As to the matter of date, that is of less importance, and can be fixed approximately, for the discovery must have taken place at some period between the arrival of the Portuguese and Spanish in these seas and the draughting of the earliest known chart, that is between the years 1511 and 1536, a period of 25 years.*

[* When the Portuguese reached India and the East Indian Archipelago (1511) they were the masters in those seas, and became the possessors of many charts used by Javanese, Malay, Chinese, and Arabian sailors.
The great Albuquerque refers to a large chart of this description, which was afterwards lost at sea, but of which copies had been made by the pilot Rodriguez. It showed all the coasts and islands from China, the Spice Islands, and Java, to the Cape of Good Hope and Brazil. It is difficult to believe that the Javanese, Malays, Chinese, or Arabs had any knowledge of Brazil in South America, although the Malays and Arabs had rounded the Cape of Good Hope, coming from the east side, of course. I am inclined to think that the term Brazil mentioned by Albuquerque refers to Australia, which had been called Brasilie Regio from an early date--a date prior to the discovery of Brazil in the year 1500. See, on this subject, my paper in the proceedings of the Royal Geographical Society of Australasia under the heading "Is Australia the Baptismal Font of Brazil?" Vol. VI., No. 1, Sydney, N.S.W.]

But, after all, until the very date of the expedition which resulted in the first discovery can be ascertained, the question of nationality of the first discoverers is a much more interesting one.

Having no other documentary evidence except these old charts, the first conclusion drawn was that as they are all written in French, the French were the discoverers in spite of the fact that no French claim had been made.

The late R. H. Major, the author of "Early Voyages to. Australia," having thoroughly considered the possibility of a French claim, came to the conclusion that such a claim was untenable. Being somewhat shaken, however, in his first belief of a Portuguese discovery, he was led to adopt a Provençal theory to explain certain words which on these old Gallicized charts, were neither Portuguese nor French. The whole subject was in this state of incertitude and confusion, when, a few years ago, having occasion to examine minutely these old documents, I discovered on the oldest of them a phrase in Portuguese, which, curiously enough, had escaped the notice of all the learned critics who had made a special study of this early specimen of cartography.

The phrase I had discovered, "Anda ne barcha," or "No boats go here," situated as it is in the Gulf of Carpentaria, had, in my mind, a very great significance, since it not only proves the Portuguese origin of the chart, but also the genuineness of the discovery made in that as it showed that the discoverers were fully aware of the shallowness of the water off this part of the coast of Australia.

It must be admitted however, that on the original chart the nautical phrase "Anda ne barcha," may refer to the difficulty of navigating the strait between Java and Bali, or the one between Bali and Lomboc.
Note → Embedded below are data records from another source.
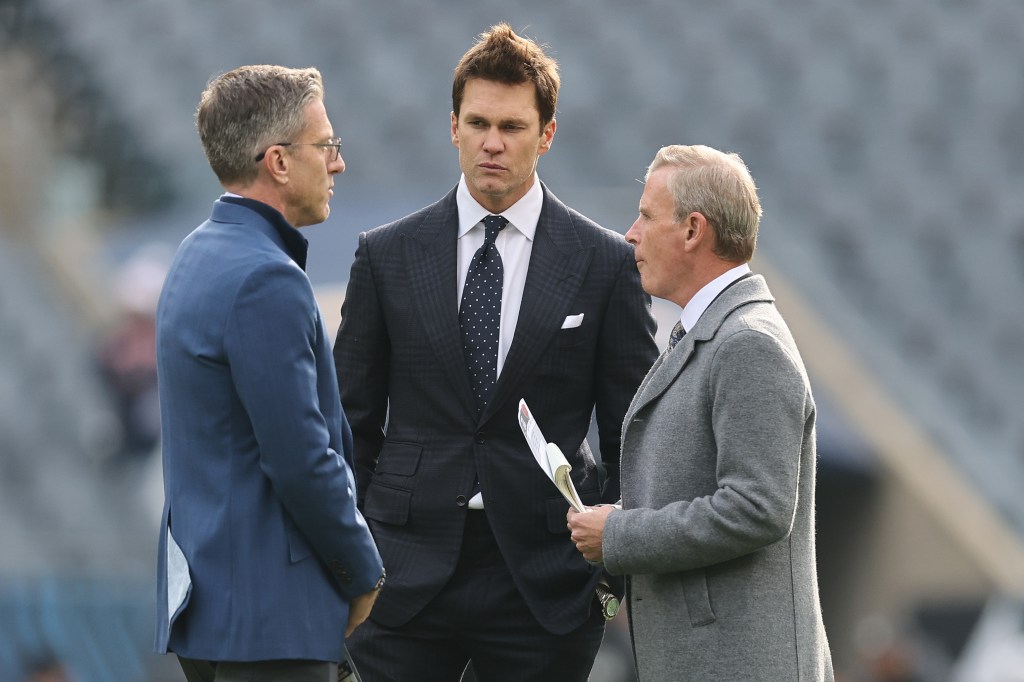 Three men in suits talking at a football game.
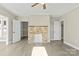 Living room with stone fireplace and hardwood floors at 200 Church Dr, Shelby, NC 28150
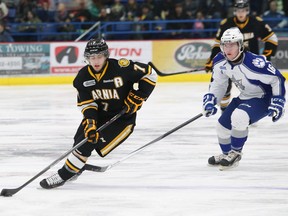 Sarnia Sting defenceman Anthony DeAngelo (in black) has been suspended for eight games by the Ontario Hockey League for violating the League's Harassment and Abuse/Diversity Policy. OBSERVER FILE PHOTO
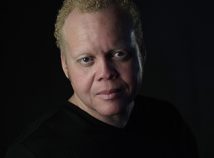 Profile photo of faculty member Charles Nuckolls in a closeup with a black background and wearing a black shirt that blends into the background creating a dramatic look.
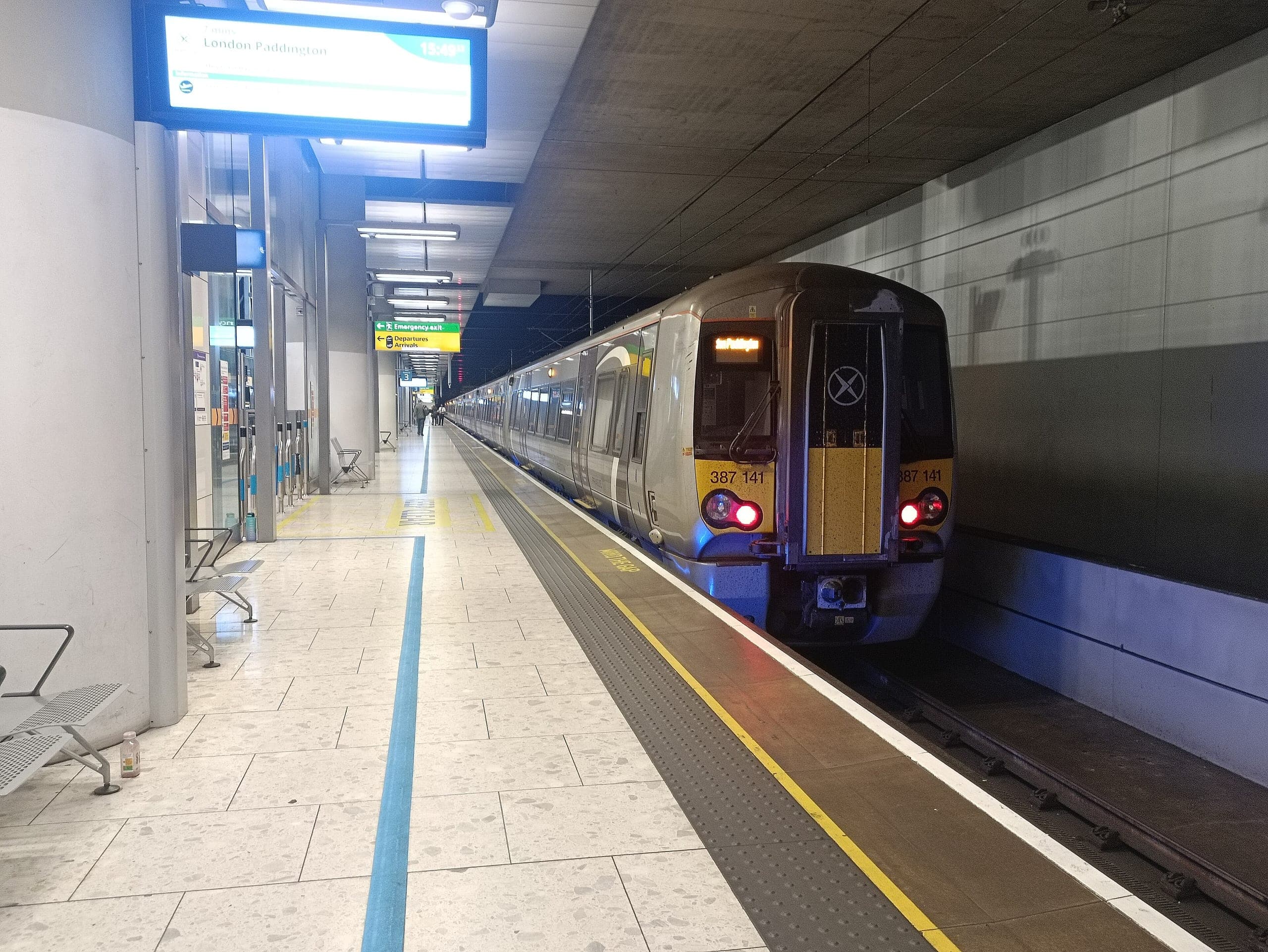 A Heathrow Express train at the Terminal 5 platform, the next departure for London Paddington shown on the indicator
When I say that this phrase proves the Portuguese origin of the chart, I do not mean to convey the idea that I accepted it, there and then, as a proof of Portuguese origin, but I rather took it as a clue, for the meaning of those words had evidently not been understood by the copyist, since he had left them in their original form, instead of translating them into French, and had mistaken them for the names of two islands.
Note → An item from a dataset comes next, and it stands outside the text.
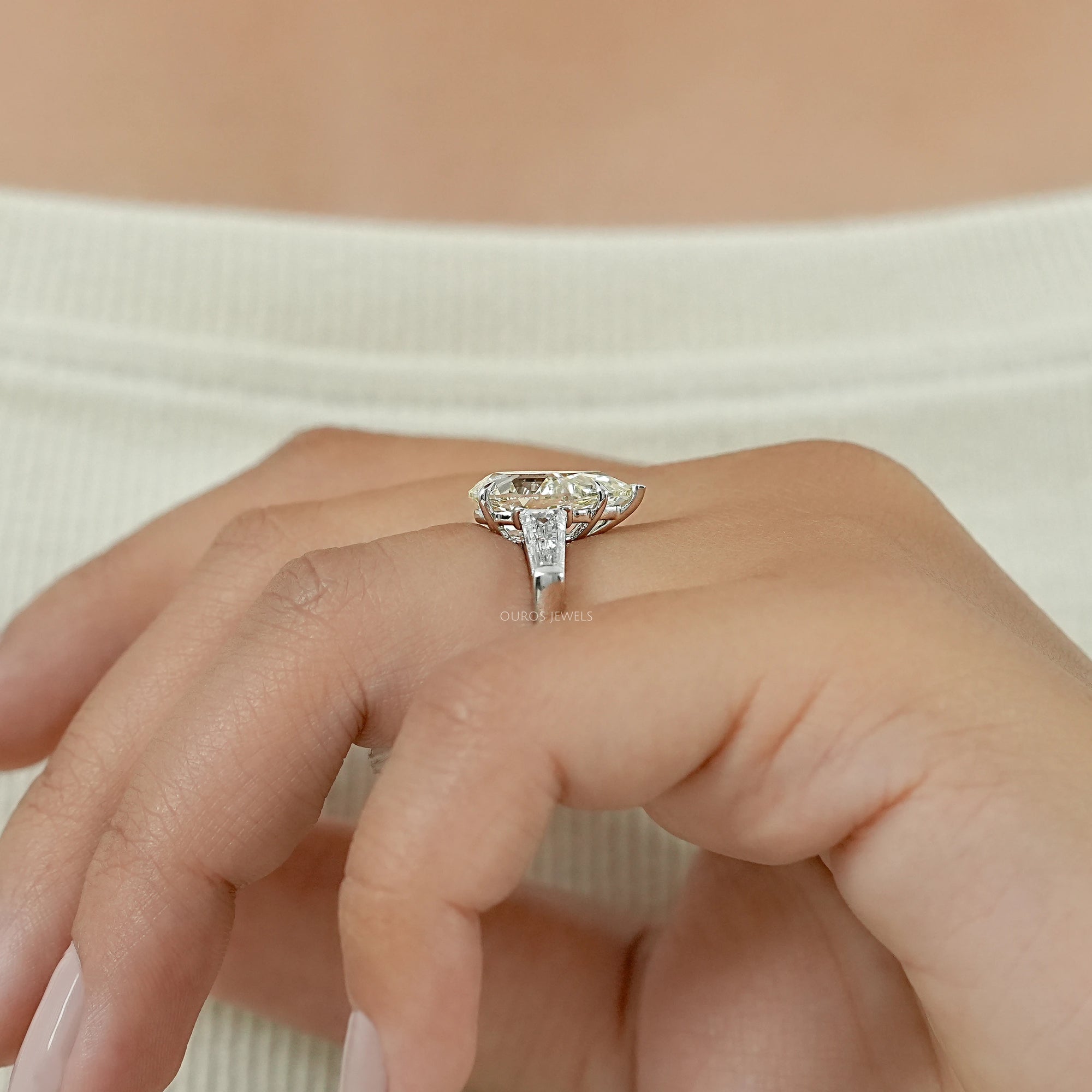 Pear Cut Three Stone Engagement Ring with Tapered Baguettes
This clue led me to make a special study of every word on the chart that had proved so interesting, the result being that I came to the conclusion that the western coasts of Australia had been chartered by the Portuguese, whereas the eastern coasts, which fell within the hemisphere allotted to the Spaniards, had been discovered and charted by them.

If we take for granted--and I think we may--that these charts are unquestionably of Portuguese and Spanish origin, the next point of importance that calls for our attention relates to the peculiar configuration, or, to be more precise, the strange distortion which all these specimens have undergone. This distortion is so great that one might fail to recognise Australia within the coast line set down, were it not for the general fitness of the terms used as descriptive of this coast line, terms which have been handed down to us in the course of the geographical evolution, and some of which are recorded in the very maps we use every day.